» WORK TO BE COMPLETED
Look through the material below and copy exactly the lines from the line with "極上★(伊)ダニエル&ボブ【現行定価￥107,800-★クロドーロ/ロディ/2WAY CULODORO RODI" to the line with "Eşya Paketleme kapsamında", those two lines included.

RECORDS FOR THE TASK Block Start

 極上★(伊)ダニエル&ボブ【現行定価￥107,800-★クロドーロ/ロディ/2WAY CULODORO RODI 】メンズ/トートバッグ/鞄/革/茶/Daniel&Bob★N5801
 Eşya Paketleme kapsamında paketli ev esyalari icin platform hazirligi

RECORDS FOR THE TASK Block End
RECORDS FOR THE TASK Block Start

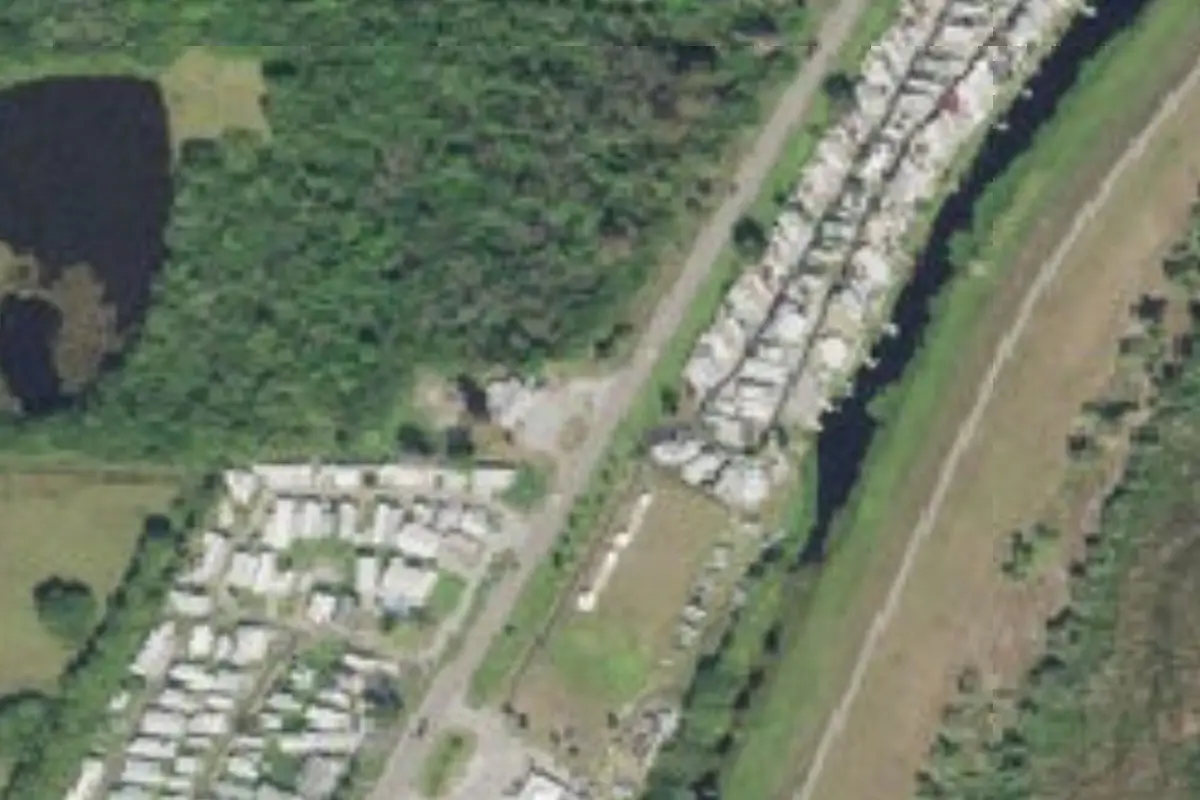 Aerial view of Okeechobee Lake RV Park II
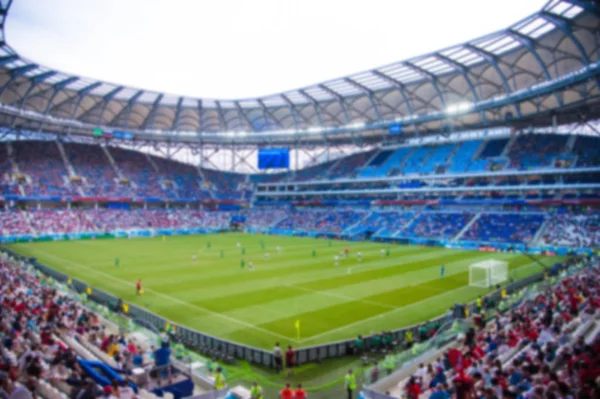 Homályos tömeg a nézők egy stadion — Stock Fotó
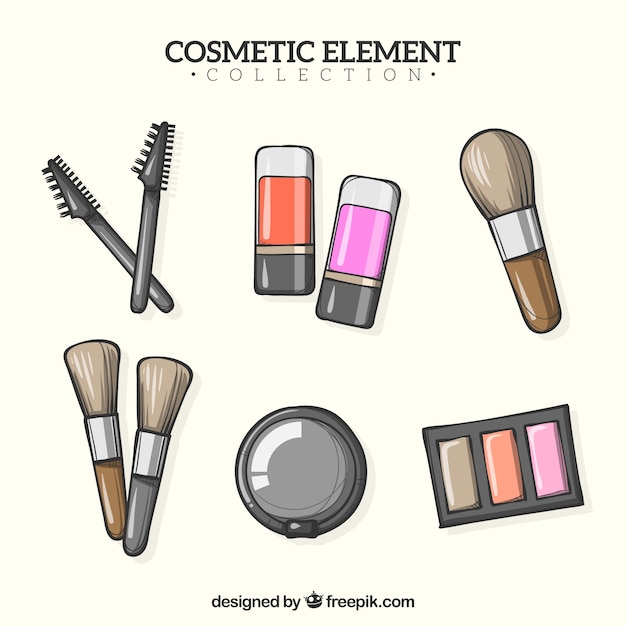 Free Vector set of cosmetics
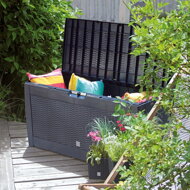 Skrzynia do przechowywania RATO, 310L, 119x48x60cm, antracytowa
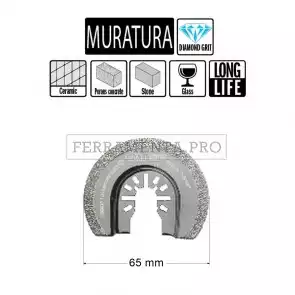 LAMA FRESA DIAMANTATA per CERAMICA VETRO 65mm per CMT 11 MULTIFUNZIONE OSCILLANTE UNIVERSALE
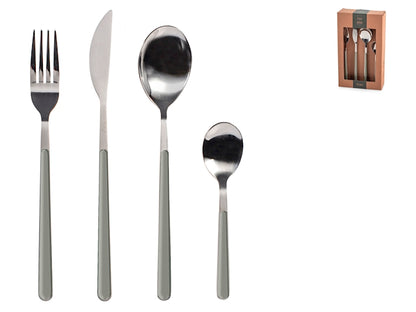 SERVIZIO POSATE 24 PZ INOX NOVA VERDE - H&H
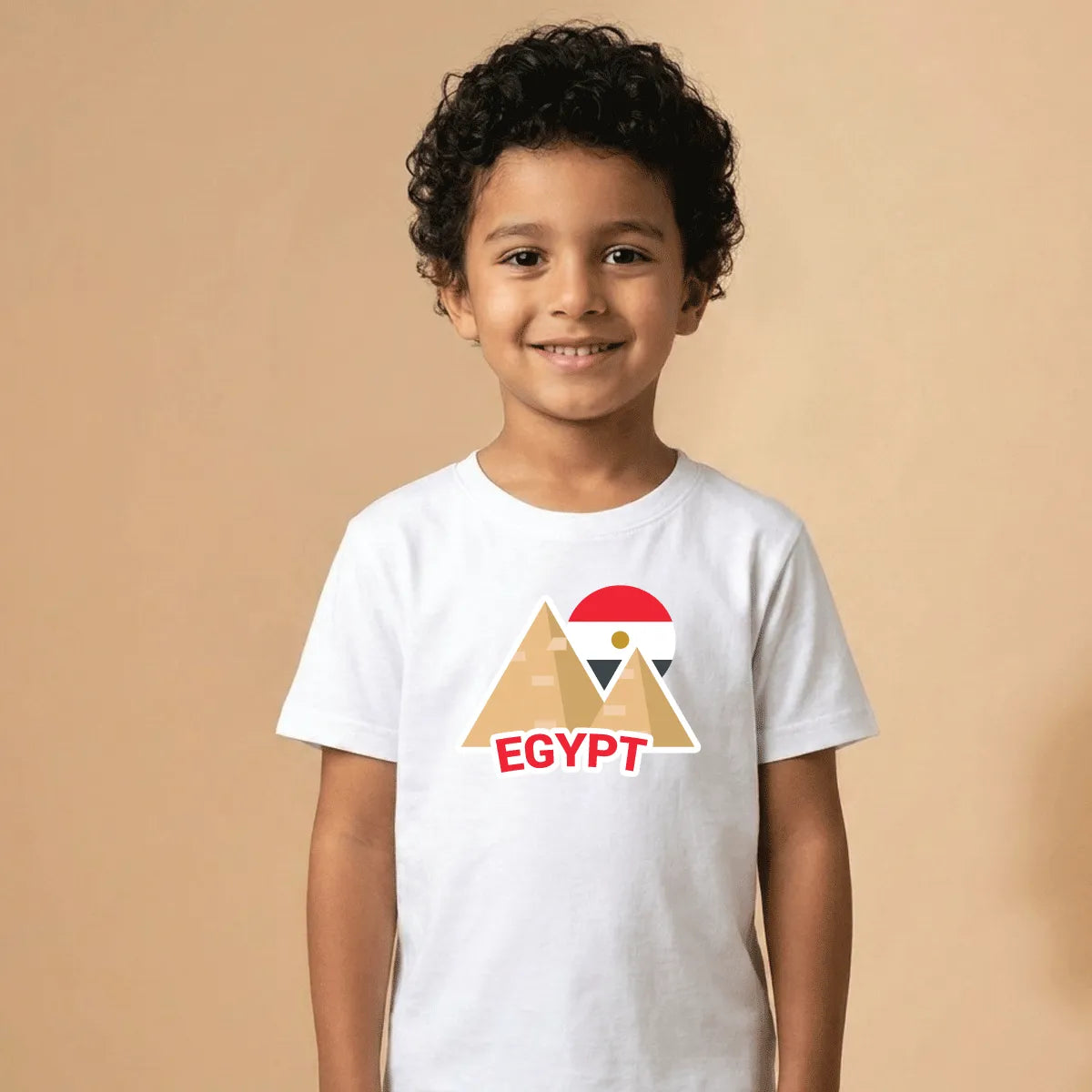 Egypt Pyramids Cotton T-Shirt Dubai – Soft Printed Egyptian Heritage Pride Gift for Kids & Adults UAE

RECORDS FOR THE TASK Block End

» ANSWER FOR THIS EXERCISE
 極上★(伊)ダニエル&ボブ【現行定価￥107,800-★クロドーロ/ロディ/2WAY CULODORO RODI 】メンズ/トートバッグ/鞄/革/茶/Daniel&Bob★N5801
 Eşya Paketleme kapsamında paketli ev esyalari icin platform hazirligi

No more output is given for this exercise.